DATA SHOWN:

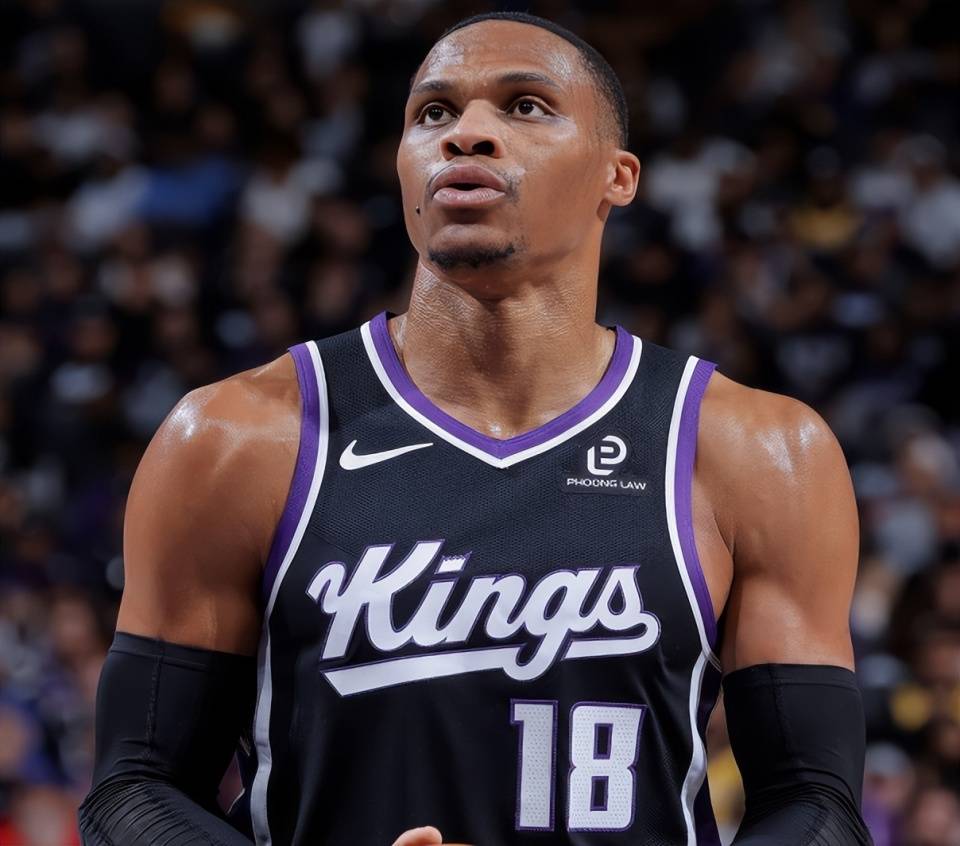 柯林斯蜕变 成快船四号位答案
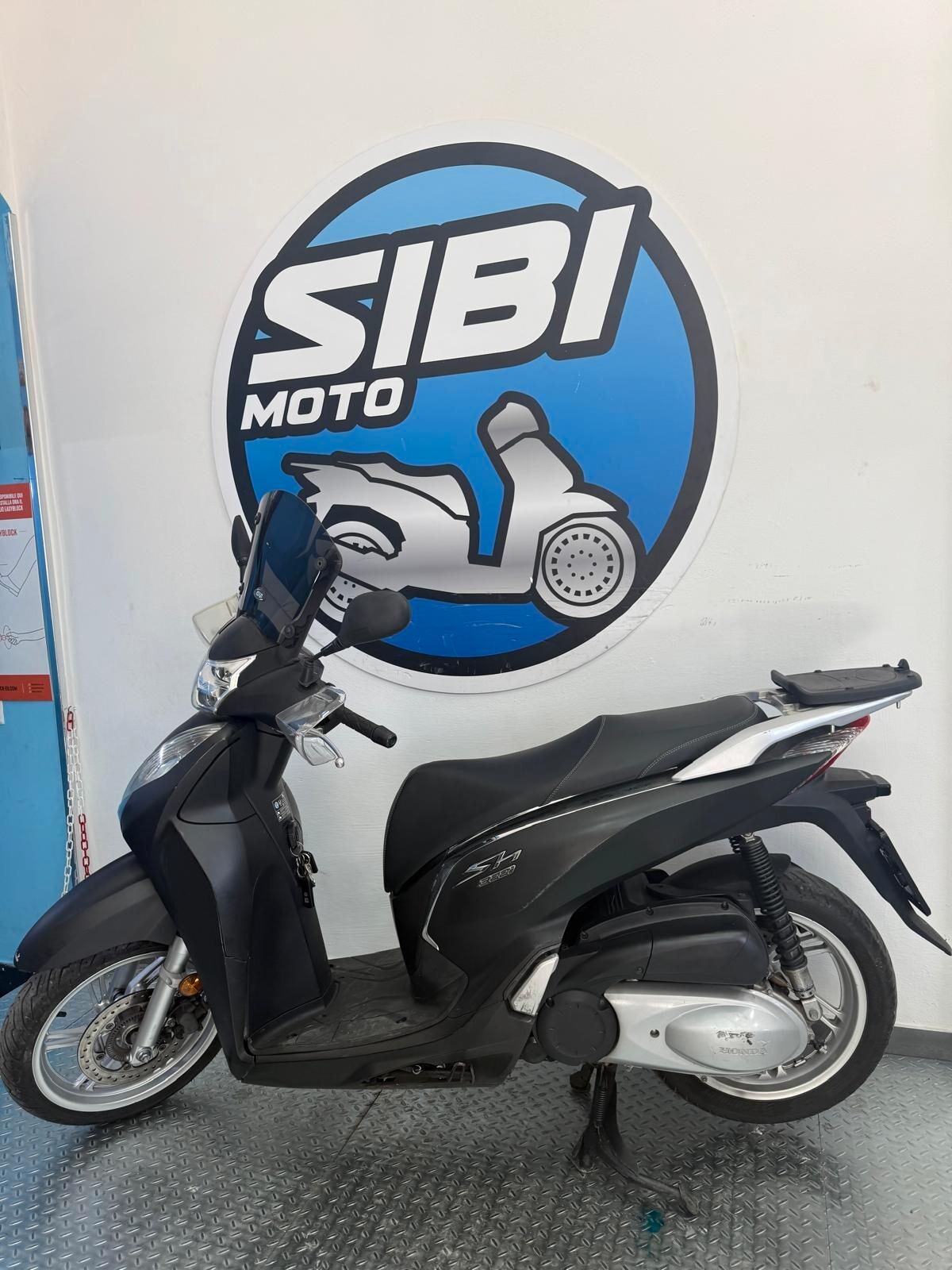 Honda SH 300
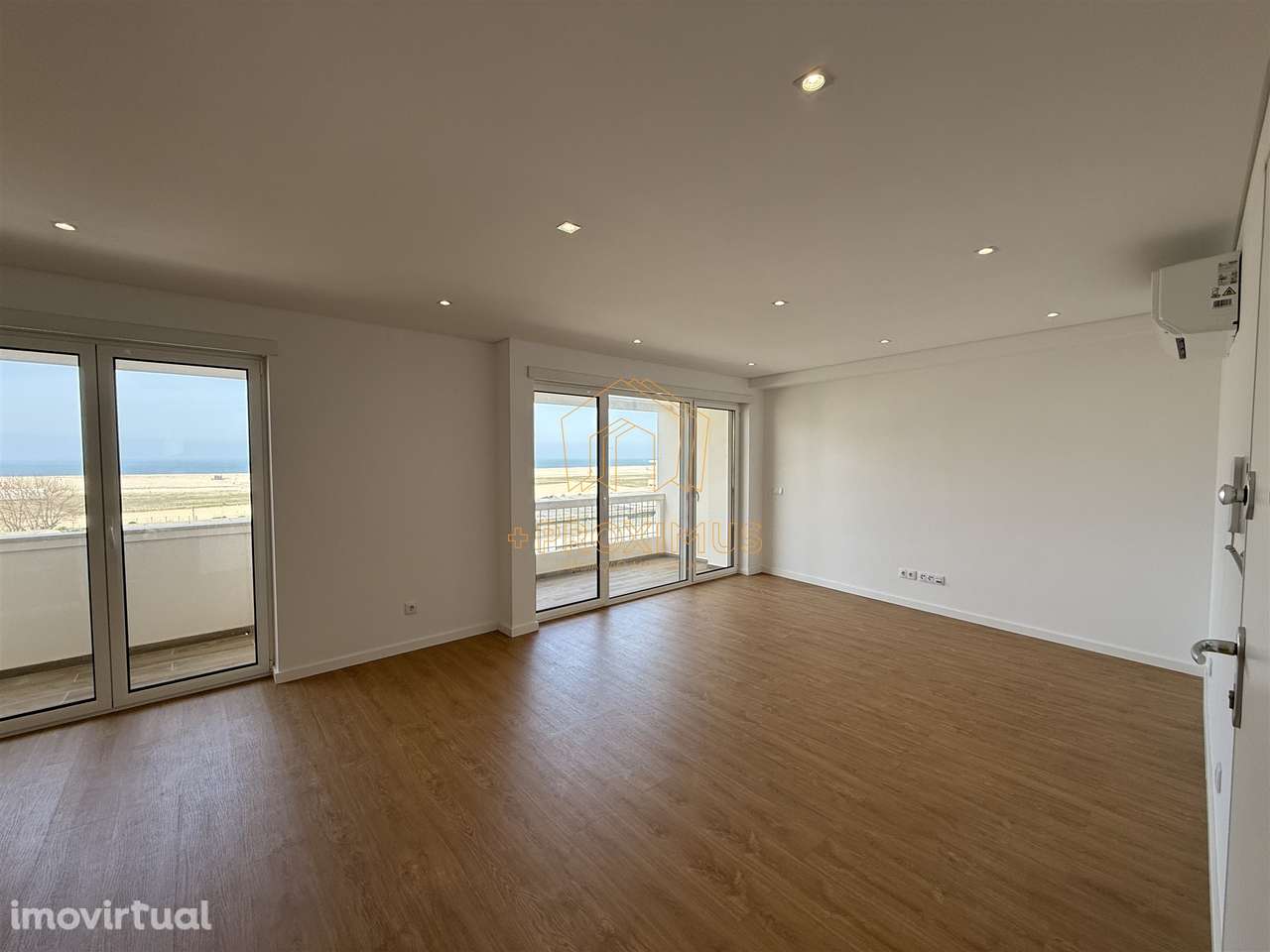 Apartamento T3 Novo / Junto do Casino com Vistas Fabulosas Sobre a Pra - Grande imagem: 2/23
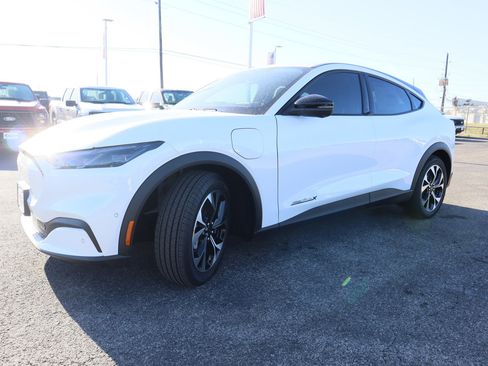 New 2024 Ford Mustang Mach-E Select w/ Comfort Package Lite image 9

WORK ITEM: Each line from the one with "Apartamento T3 Novo" to the end of the material needs to be output word for word, with no picture included.

RESULT FOR THIS TASK:
 Apartamento T3 Novo / Junto do Casino com Vistas Fabulosas Sobre a Pra - Grande imagem: 2/23
 New 2024 Ford Mustang Mach-E Select w/ Comfort Package Lite image 9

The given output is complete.